VM Monitoring
Connect virtual machine monitoring
RevDeBug collects metrics data from virtual machines (VMs) using Prometheus node-exporter. The collected data is then transferred to an OpenTelemetry Collector, which sends it to an OpenTelemetry receiver and eventually to a Meter System for analysis. To learn more about node exporter click here.
In this system, each VM is defined as a service in OpenTelemetry Protocol (OAP) and is identified by the prefix "vm::". This allows for easier tracking and management of metrics data for each individual VM.
To use VM monitoring, set the vm:: prefix for the service.

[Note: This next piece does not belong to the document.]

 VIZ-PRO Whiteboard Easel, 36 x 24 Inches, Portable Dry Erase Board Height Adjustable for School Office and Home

In order to hook up a virtual machine to monitoring, you need to install something on it that will catch metrics from it (by default, everything is geared for node exporter, but there is no obstacle to it being another system catching data). For node exporter enabled from docker, the configuration is:
docker-compose.yml
version: '3.8'
services:
node_exporter:
image: docker.revdebug.com/node-exporter:latest
container_name: node_exporter
command:
- '--path.rootfs=/host'
network_mode: host
pid: host
restart: unless-stopped
volumes:
- '/:/host:ro,rslave'
Remember to open port 9100.
The next step is to enter the command:
docker compose -p revdebug up -d
The next step is to configure and run an additional docker container. Go to where you have installed docker compose revdebug to data/otel-collector/otel-collector-config-template.yaml
You need to change the name from otel-collector-config-template.yaml to otel-collector-config.yaml if you want to monitor your virtual machines.

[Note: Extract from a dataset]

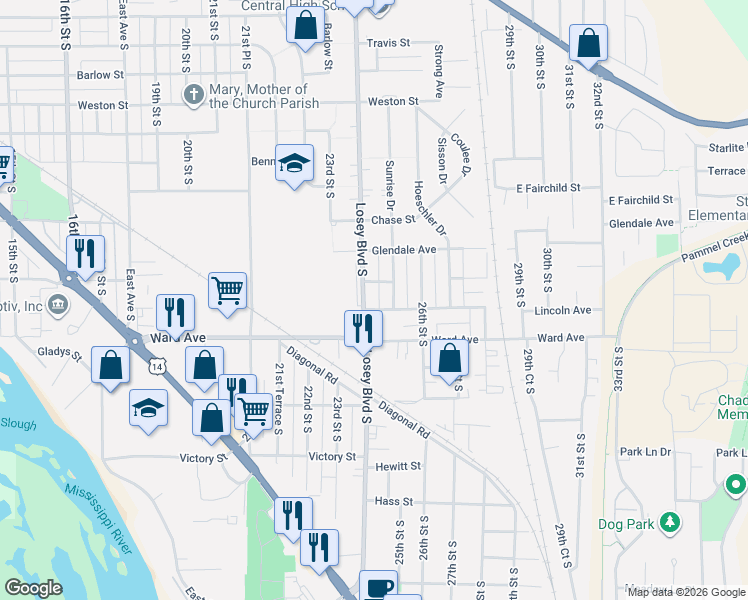map of restaurants, bars, coffee shops, grocery stores, and more near 2601 Losey Boulevard South in La Crosse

In the static_configs section, set the address of the virtual machines
otel-collector-config.yaml
extensions:
health_check:
# A receiver is how data gets into the OpenTelemetry Collector
receivers:
# Set Prometheus Receiver to collects metrics from targets
# It’s supports the full set of Prometheus configuration
prometheus:
config:
scrape_configs:
- job_name: 'otel-collector'
scrape_interval: 30s
static_configs:
# Replace the IP to your VMs‘s IP which has installed Node Exporter
- targets: [ 'vm.address:9100' ]
- targets: [ 'vm.address:9100' ]
processors:
batch:
# An exporter is how data gets sent to different systems/back-ends
exporters:
# Exports metrics via gRPC using OpenCensus format
opencensus:
endpoint: "apm-oap:11800" # The OAP Server address
insecure: true
logging:
logLevel: info
service:
pipelines:
metrics:
receivers: [prometheus]
processors: [batch]
exporters: [logging, opencensus]
extensions: [health_check
After the configuration (specifying the VM from which you will download metrics and the OAP to which these metrics will be sent) it is left to configure the OAP.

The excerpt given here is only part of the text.